Author: Luke Fletcher, Senior Crisis Consultant at Secura

As a Senior Crisis Consultant in the cybersecurity industry, I see a shift in how organizations prepare themselves for a potential cyber crisis. Traditional risk assessment methods are no longer sufficient. They often result in measures only being taken for the most likely incidents.

However, it is usually events considered unlikely that cause the greatest impact, for which organizations are not prepared. Regulators recognize this, so here is my wake up call: prepare for the WORST…

I see two big challenges organizations face:

  1. Determining what the worst case scenario could be and to what extent you should prepare.
  2. Linking the technical, operational and tactical response to strategic crisis management.

Let’s look at how you can start to tackle these challenges.

1. Preparing for the Severe but Plausible

A recent study published by the European Union Agency for Cybersecurity (ENISA) states the EU is ‘an era of permacrisis and polycrisis’.
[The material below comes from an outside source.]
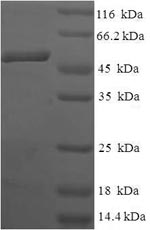 Recombinant Human Anamorsin(CIAPIN1)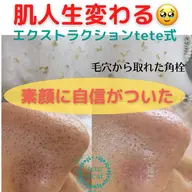 艶肌プレミアムコース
What does this mean? Permacrisis is defined as a long period of great difficulty, confusion, or suffering that seems to have no end. Polycrisis is defined as the simultaneous occurrence of several catastrophic events.

A rather stark picture unfortunately. This means the challenge for many organizations is to determine what a worst case scenario crisis looks like for them and what resources to invest in preparing for this. Particularly as regulators across Europe, with NIS2, DORA and other regulation in mind, expect resilience even for the most ‘severe but plausible’ events.

‘That will never happen’

As the expectation is that your organization remains resilient, even against worst case scenarios, former risk based approaches are no longer effective. In my experience as a crisis manager, I find that many organizations find this a difficult concept to accept.
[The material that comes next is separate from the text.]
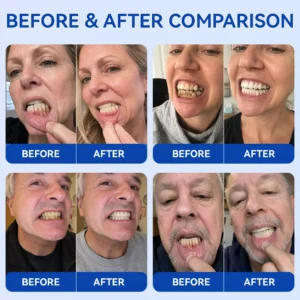 KLENIMORE™ 🦷
  
  periodontal repair gel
I can recall a few examples in my career where I have proposed a high severity scenario as an idea for a crisis exercise, only to have this shot down by the statement ‘that will never happen’.

Yet, in a few standout examples, and coincidentally, almost the exact scenario proposed materialized in a similar fashion not long later. I imagine in 2016 before the Not-Petya attack on Maersk, that their risk assessments would have dubbed the scenario that unfolded in June 2017 highly unlikely, limiting the desire for resilience investment.
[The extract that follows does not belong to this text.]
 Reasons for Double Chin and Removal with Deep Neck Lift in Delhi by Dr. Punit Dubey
The key to solving this challenge

So, what should you do instead? The key to solving this challenge is to first ensure you have a crisis framework that is adaptable enough to deal with any kind of crisis. Fortunately, a team of experts in the crisis management field recently created a new International Standard on Crisis Management to help organizations with this. The standard is ISO22361 and provides details on how to implement a crisis framework, principles and processes as per the diagram below.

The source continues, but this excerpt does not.